This sort of deep matching up to computation could be automated. But until someone builds this automation, we have to figure out the necessary whnfs ourselves.

Definitional Equality

As mentioned, definitional equality is equality up to computation. Two expressions t and s are definitionally equal or defeq (at the current transparency) if their normal forms (at the current transparency) are equal.

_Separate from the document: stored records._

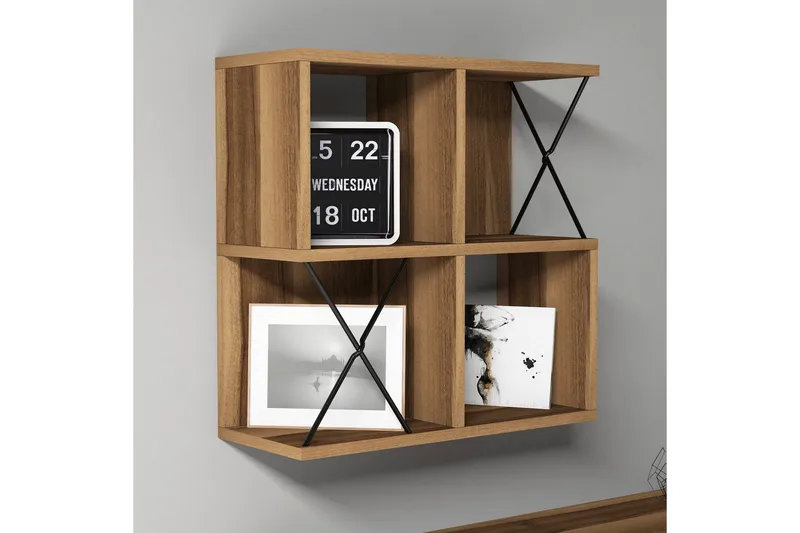 Hovdane Væghylde 60 cm - Brun / sort - Opbevaring - Hylder & Reoler - Væghylde & vægreol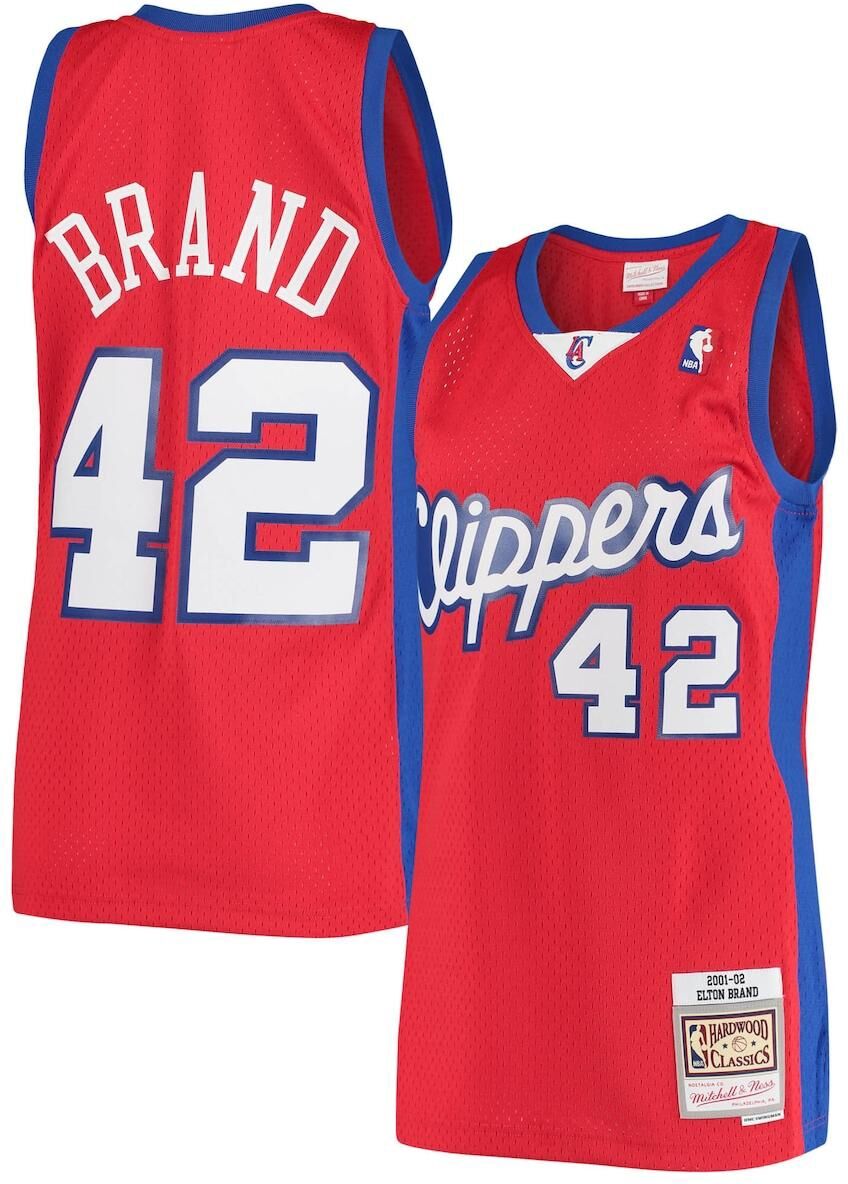 Mitchell & Ness Men's Elton Brand Red La Clippers 2000/01 Hardwood Classics Swingman Jersey - Statement Edition - Red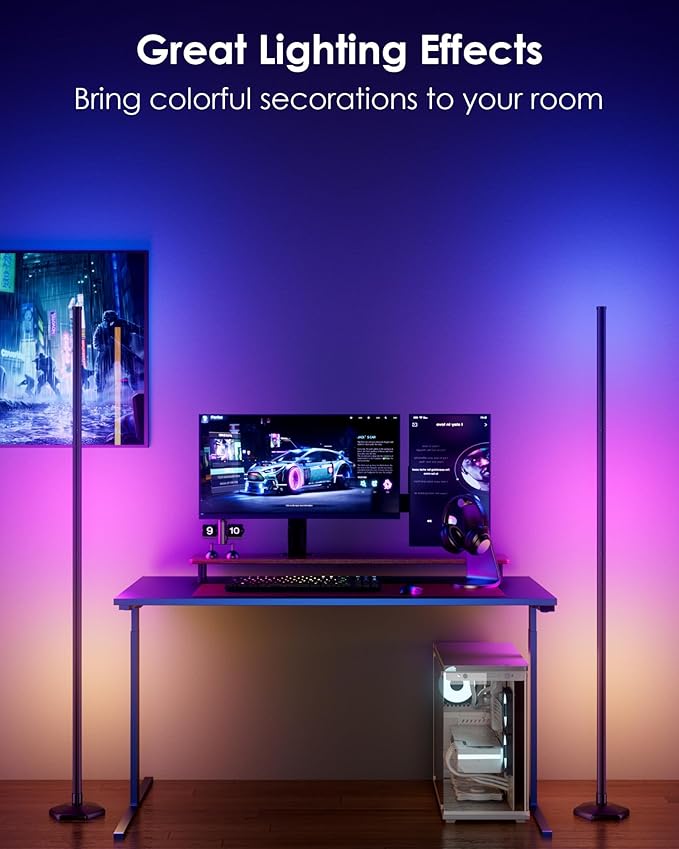 2PCS RGB+W Corner Floor Lamp, 65" Color Changing 24V LED Floor Lamp with Cool White Bluetooth APP Remote Control Music Sync Atmospheres Lamp 16 Million DIY Colors for Living Room Bedroom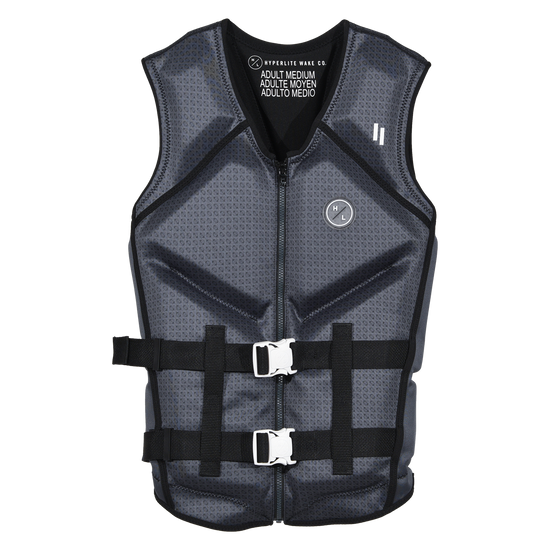 Front view of the Caliber life vest in Gray, with a geometric print, white buckles, and a front zipper.
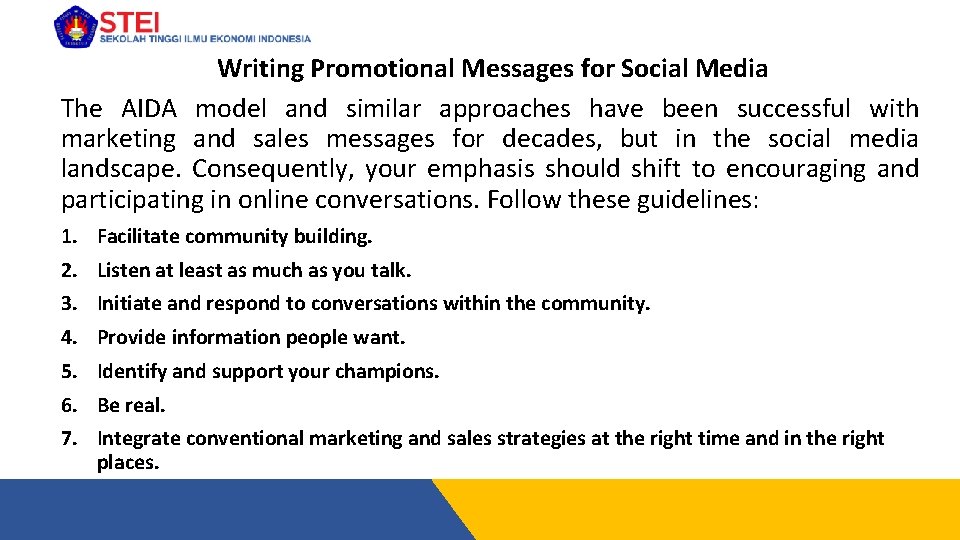 Writing Promotional Messages for Social Media The AIDA model and similar approaches have been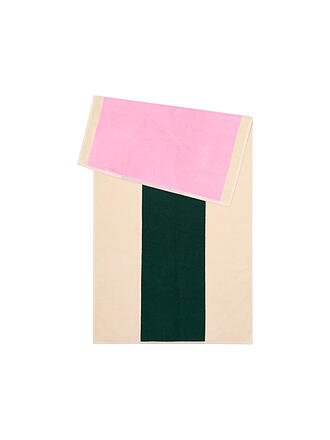 SUITE702 | Serviette de douche 70x140cm COTON PEIGNÉ Rose/Vert foncé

To check whether two expressions are defeq, use Lean.Meta.isDefEq with type signature

isDefEq : Expr → Expr → MetaM Bool

Even though definitional equality is defined in terms of normal forms, isDefEq does not actually compute the normal forms of its arguments, which would be very expensive. Instead, it tries to "match up" t and s using as few reductions as possible. This is a necessarily heuristic endeavour and when the heuristics misfire, isDefEq can become very expensive. In the worst case, it may have to reduce s and t so often that they end up in normal form anyway. But usually the heuristics are good and isDefEq is reasonably fast.

If expressions t and u contain assignable metavariables, isDefEq may assign these metavariables to make t defeq to u. We also say that isDefEq unifies t and u; such unification queries are sometimes written t =?= u. For instance, the unification List ?m =?= List Nat succeeds and assigns ?m := Nat. The unification Nat.succ ?m =?= n + 1 succeeds and assigns ?m := n. The unification ?m₁ + ?m₂ + ?m₃ =?= m + n - k fails and no metavariables are assigned (even though there is a 'partial match' between the expressions).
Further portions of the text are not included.